-- What is needed --
Transcribe the lines below verbatim, skipping the images.

(Items listed in a dataset)
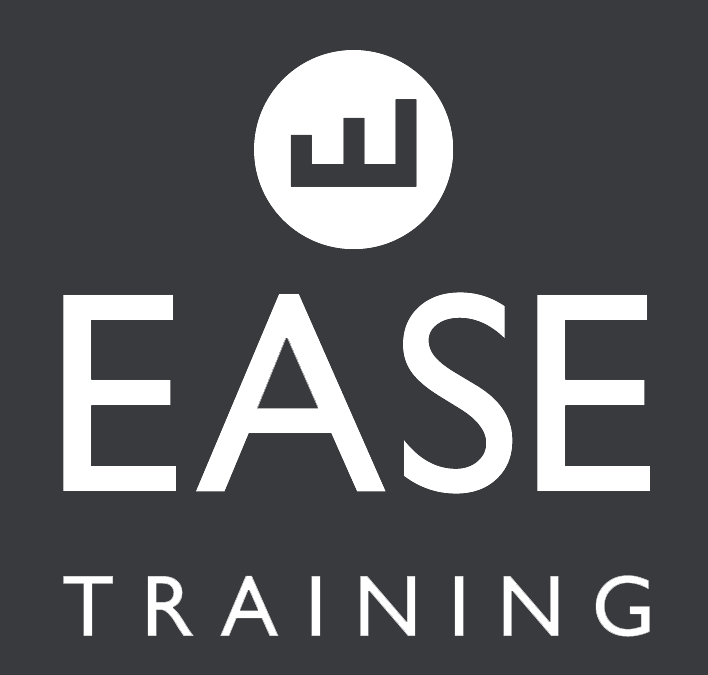 easetraining's tweet photo. Last chance to book -Charity Trustee Training ,Behaviour and Safeguarding. This Wednesday 20th March Birmingham -  a few places left.

Charity Commission update. #Charity @BrewinCharities @CranfieldTrust @VWVLawFirm #TrainwithEase  https://t.co/c9KuZruzu1 https://t.co/WJoLYj5DLO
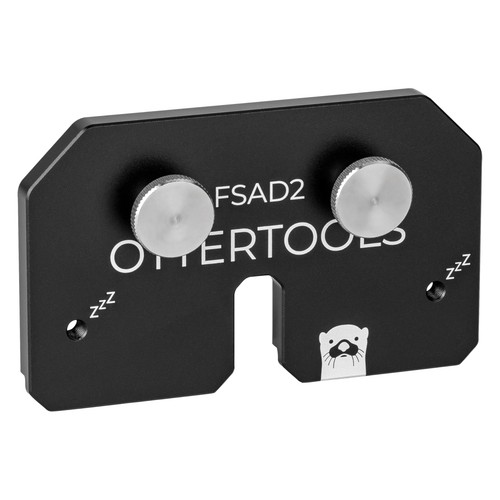 Adattatore guida fsad2 - adattatore,
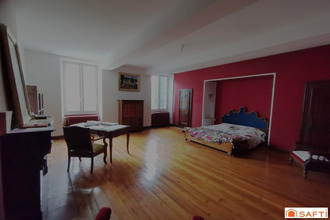 achat maison castres 81100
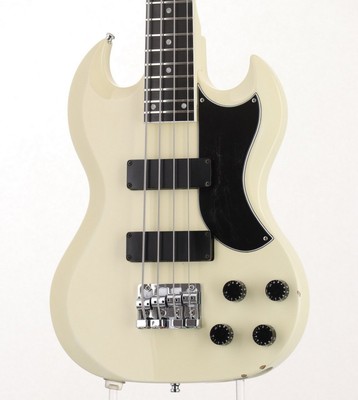 ESP J-MF-1 LUNA SEA J MODEL | eBay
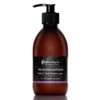 body lotion highland lavender Highland Soap Co. Hand and Body Organic Lotion Highland Lavender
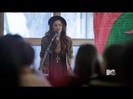 Demi Lovato - Stay Strong Premiere Documentary Full 42602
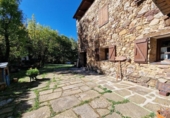 Finca rústica en venta en la España, Benasque, ref: TR269649 foto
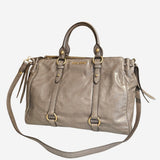 BEIGE Vitello Lux
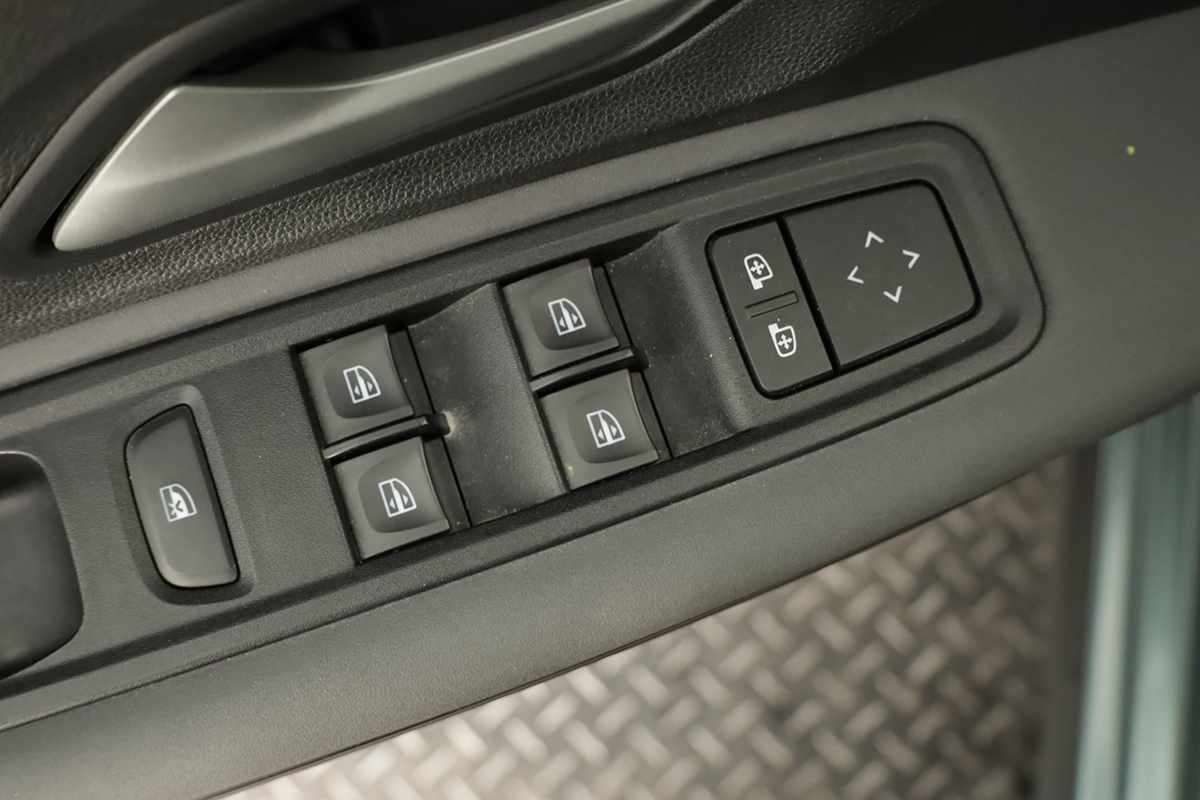 dacia-jogger-2024-gpl-999cc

-- Task response --
 easetraining's tweet photo. Last chance to book -Charity Trustee Training ,Behaviour and Safeguarding. This Wednesday 20th March Birmingham -  a few places left.

Charity Commission update. #Charity @BrewinCharities @CranfieldTrust @VWVLawFirm #TrainwithEase  https://t.co/c9KuZruzu1 https://t.co/WJoLYj5DLO
 Adattatore guida fsad2 - adattatore,
 achat maison castres 81100
 ESP J-MF-1 LUNA SEA J MODEL | eBay
 body lotion highland lavender Highland Soap Co. Hand and Body Organic Lotion Highland Lavender
 Demi Lovato - Stay Strong Premiere Documentary Full 42602
 Finca rústica en venta en la España, Benasque, ref: TR269649 foto
 BEIGE Vitello Lux
 dacia-jogger-2024-gpl-999cc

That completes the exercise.